*Task directions*. Write out the material below again, line for line, without any images.

-------- Stored data

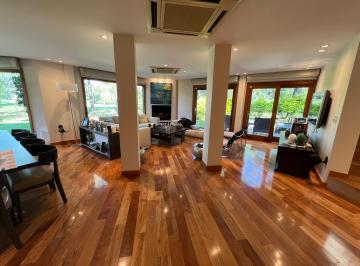 Casa de 6 ambientes, Pilar · Venta Casa 5 Dorm. en Pilar, en Mayling Cc Sobre Golf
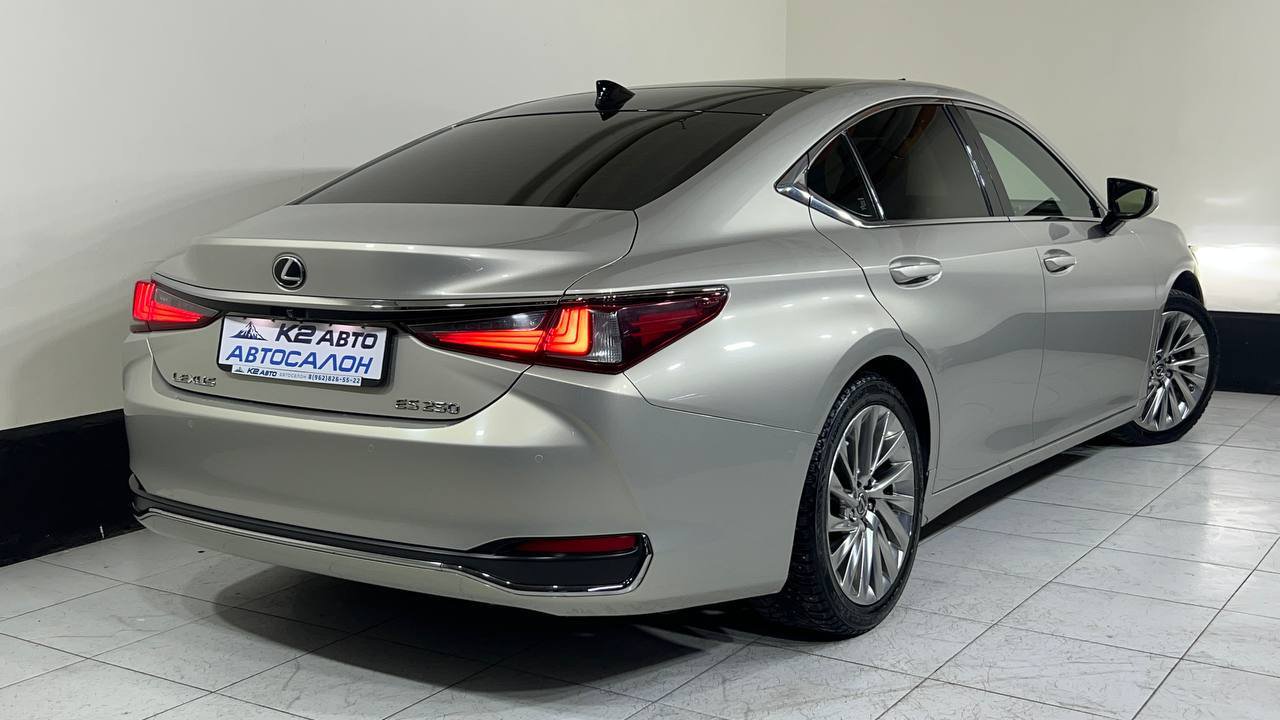 Lexus ES250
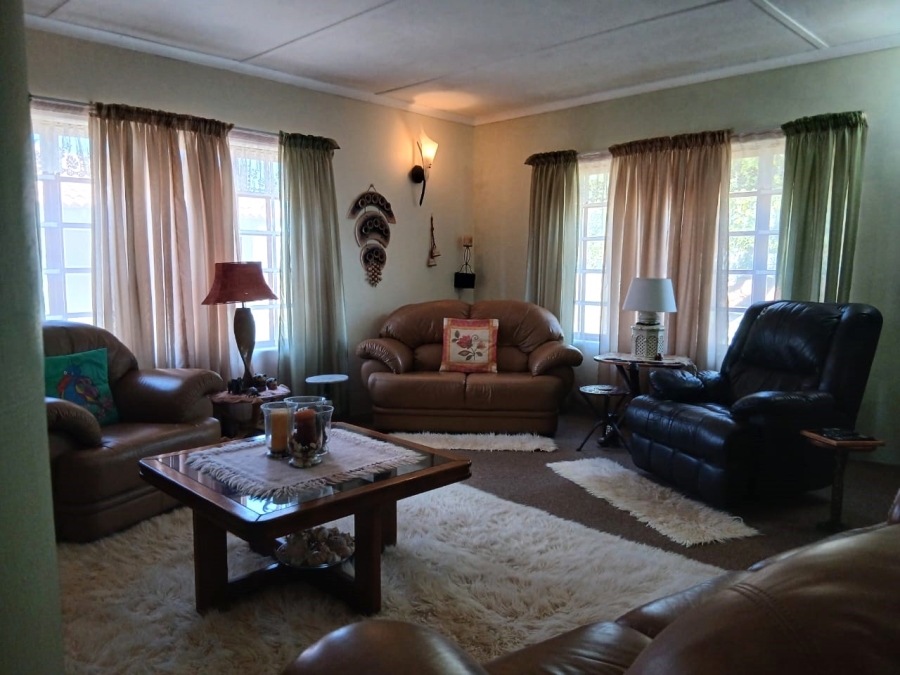 3 Bedroom Property for Sale in Noorsekloof Eastern Cape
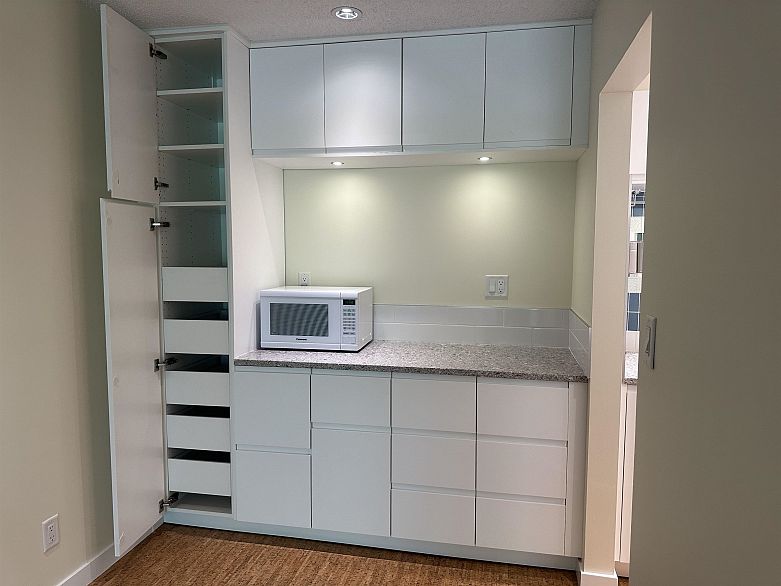 309 1422 E 3rd Avenue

----------------

*Solution to the problem*.
 Casa de 6 ambientes, Pilar · Venta Casa 5 Dorm. en Pilar, en Mayling Cc Sobre Golf
 Lexus ES250
 3 Bedroom Property for Sale in Noorsekloof Eastern Cape
 309 1422 E 3rd Avenue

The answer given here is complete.